* _Exercise_:
From the line that has "1602 Brentwood Drive, Newton, NC" down to the last line of the data below, set down every line exactly, but none of the pictures.

* _Data block_:
★ ★ ★ ★
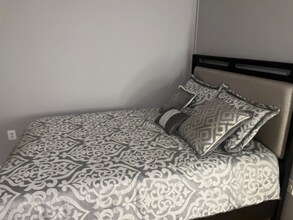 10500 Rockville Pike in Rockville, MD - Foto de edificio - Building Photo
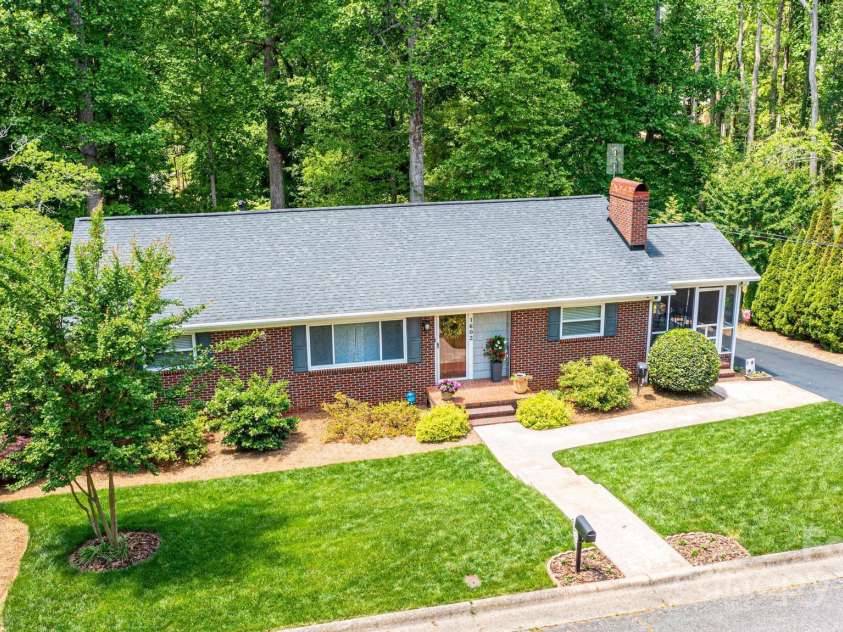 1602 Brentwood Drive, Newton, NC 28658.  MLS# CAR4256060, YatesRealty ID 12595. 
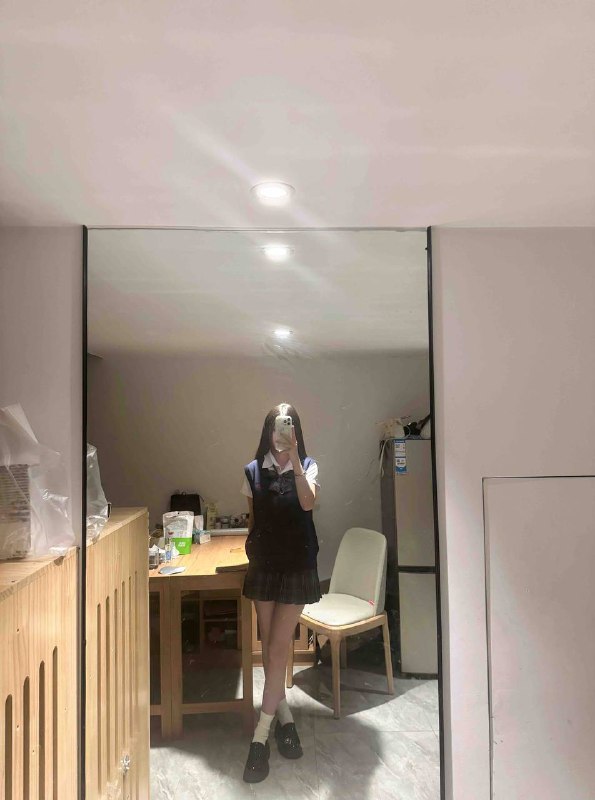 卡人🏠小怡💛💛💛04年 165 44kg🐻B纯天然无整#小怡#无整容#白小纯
★ ★ ★ ★
* _Result for this task_:
 1602 Brentwood Drive, Newton, NC 28658.  MLS# CAR4256060, YatesRealty ID 12595. 
 卡人🏠小怡💛💛💛04年 165 44kg🐻B纯天然无整#小怡#无整容#白小纯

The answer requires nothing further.